- [THE TASK] Give the number of lines in the listing that contain the word "Drive", and nothing besides.

- [SOURCE DATA]
#####

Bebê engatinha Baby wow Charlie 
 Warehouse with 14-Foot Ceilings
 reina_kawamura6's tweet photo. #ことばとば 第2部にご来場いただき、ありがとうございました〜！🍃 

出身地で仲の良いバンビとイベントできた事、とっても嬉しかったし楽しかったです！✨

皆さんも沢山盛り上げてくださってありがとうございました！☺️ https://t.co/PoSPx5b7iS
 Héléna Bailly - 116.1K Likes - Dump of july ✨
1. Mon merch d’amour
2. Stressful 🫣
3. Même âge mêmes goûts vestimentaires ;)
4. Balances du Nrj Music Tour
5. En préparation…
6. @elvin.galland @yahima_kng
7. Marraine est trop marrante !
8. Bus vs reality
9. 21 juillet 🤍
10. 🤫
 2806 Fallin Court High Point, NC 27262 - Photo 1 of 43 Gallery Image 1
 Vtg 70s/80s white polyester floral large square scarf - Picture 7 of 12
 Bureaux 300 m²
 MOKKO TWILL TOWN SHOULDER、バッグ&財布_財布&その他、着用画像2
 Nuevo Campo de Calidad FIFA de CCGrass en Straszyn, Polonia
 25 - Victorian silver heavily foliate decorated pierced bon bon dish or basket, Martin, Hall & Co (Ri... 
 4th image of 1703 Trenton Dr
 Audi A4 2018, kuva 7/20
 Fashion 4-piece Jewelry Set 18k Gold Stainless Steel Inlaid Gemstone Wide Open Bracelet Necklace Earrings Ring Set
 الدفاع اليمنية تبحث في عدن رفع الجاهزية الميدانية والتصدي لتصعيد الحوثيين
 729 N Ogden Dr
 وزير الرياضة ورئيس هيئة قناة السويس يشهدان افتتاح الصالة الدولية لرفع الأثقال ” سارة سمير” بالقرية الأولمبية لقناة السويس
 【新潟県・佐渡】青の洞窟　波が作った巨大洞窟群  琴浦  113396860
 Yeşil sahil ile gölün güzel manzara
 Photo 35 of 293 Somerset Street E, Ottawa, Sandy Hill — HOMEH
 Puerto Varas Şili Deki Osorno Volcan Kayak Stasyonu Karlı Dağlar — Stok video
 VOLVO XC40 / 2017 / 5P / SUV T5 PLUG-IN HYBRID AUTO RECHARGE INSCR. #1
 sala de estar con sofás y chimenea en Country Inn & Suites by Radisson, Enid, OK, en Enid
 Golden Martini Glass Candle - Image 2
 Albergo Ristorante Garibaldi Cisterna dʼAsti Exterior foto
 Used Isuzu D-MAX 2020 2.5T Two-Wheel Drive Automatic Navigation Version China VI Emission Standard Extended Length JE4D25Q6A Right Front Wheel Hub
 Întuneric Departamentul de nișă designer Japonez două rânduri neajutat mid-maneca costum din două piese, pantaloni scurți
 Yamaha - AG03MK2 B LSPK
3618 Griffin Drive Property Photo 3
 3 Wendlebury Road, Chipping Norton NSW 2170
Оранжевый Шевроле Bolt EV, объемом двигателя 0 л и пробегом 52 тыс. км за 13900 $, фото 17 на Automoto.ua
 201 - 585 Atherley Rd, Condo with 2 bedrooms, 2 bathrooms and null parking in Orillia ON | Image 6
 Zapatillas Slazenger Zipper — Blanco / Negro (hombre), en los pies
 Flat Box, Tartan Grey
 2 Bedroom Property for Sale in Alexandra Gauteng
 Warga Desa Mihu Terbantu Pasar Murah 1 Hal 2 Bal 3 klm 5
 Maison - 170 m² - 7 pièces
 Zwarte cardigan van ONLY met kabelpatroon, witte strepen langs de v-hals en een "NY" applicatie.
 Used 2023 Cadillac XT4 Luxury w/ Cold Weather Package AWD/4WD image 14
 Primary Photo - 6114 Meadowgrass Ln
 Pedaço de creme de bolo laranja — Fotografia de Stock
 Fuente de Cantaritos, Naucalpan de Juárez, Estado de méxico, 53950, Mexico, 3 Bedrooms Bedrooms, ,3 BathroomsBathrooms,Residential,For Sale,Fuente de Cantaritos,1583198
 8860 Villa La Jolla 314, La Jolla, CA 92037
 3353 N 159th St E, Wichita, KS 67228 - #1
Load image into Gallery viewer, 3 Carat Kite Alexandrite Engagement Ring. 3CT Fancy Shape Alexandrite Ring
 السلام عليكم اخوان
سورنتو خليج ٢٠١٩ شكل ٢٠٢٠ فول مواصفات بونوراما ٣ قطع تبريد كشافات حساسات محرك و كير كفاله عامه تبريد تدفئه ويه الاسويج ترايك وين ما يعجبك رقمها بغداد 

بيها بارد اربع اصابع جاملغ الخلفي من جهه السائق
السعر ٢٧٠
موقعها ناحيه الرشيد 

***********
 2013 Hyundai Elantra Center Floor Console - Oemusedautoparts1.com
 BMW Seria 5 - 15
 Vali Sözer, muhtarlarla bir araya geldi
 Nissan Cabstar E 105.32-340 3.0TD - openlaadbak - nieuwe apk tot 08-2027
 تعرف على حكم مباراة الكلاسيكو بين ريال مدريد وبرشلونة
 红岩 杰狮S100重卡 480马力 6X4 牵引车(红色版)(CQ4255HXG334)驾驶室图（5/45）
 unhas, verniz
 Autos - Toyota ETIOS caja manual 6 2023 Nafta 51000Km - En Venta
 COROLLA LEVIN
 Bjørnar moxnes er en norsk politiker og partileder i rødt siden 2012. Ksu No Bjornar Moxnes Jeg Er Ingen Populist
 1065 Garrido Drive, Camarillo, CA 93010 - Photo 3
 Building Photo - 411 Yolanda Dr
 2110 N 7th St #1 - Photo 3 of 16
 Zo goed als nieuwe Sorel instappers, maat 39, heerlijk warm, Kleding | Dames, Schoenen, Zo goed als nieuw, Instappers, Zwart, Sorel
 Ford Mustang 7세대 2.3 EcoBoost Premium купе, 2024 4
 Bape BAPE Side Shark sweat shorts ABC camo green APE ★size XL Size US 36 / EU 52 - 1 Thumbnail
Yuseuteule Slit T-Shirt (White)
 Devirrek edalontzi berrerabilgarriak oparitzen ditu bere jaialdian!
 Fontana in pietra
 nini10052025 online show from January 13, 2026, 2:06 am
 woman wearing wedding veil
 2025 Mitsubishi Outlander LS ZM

#####

- [OUTPUT FOR THIS EXERCISE] 3